Paseando por Antonio Hurtado recordé la emoción que el kiosco de Juanito despertaba en mí cada vez que los amigos acudíamos a por el sobre de cromos para intentar completar el álbum de la liga o el teleprograma de la semana con la parrilla de la única televisión de entonces, que luego amontonaba en los armarios de casa hasta llenar las estanterías con el afán de un coleccionista.

Esas imágenes, que ya pertenecen a la infancia, volvieron a mi memoria como el tesoro sentimental de quien sabe dónde están sus recuerdos: las tapias de la calle Salamanca, esa frontera al descampado donde luego se levantaron de edificios de Moctezuma y se hacía la feria, o el balón de cuero rodando por el asfalto mientras intentábamos hacer gol en la portería en la que habíamos convertido la puerta del almacén de maderas. Pero esas imágenes de la historia sentimental de cada uno se han ido borrando y ya es casi extraordinario ver a niños jugando en la calle, aprendiendo la vida a golpe de pelota mientras esos lugares empiezan a calar en nuestro corazón como gotas de agua para siempre.

Ahora, cada vez que voy al parque con mi hija, imagino que guardará en su memoria el caballito de Cánovas o el columpio con el que parece aprender a volar.
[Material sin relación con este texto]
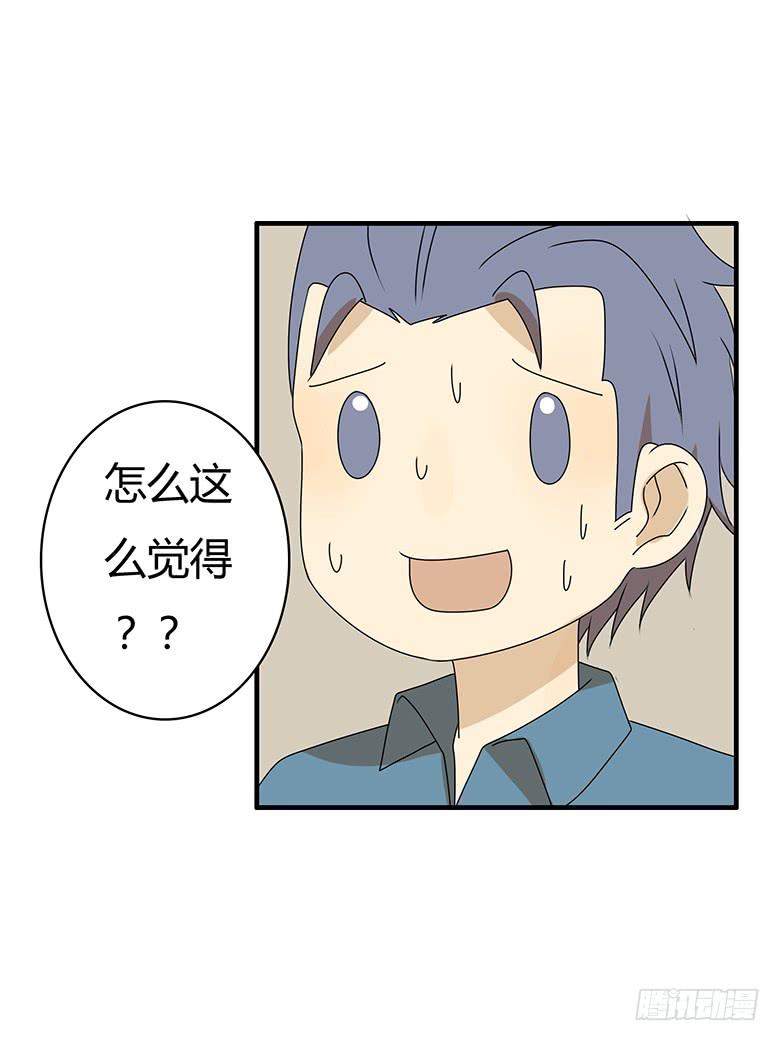 第三季 51.我来告诉你-第251话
También el fantástico castillo de tubos ciegos del parque del Rodeo. Esos objetos, esas imágenes formarán parte algún día de su pasado, de la niñez que ojalá nunca perdiera. Nosotros, sus padres, también podremos recordar cómo crecimos con solo doblar una esquina y pedirle a Juanito el álbum que guardamos como si fuera oro. Solo así sabremos descubrir el niño que llevamos dentro.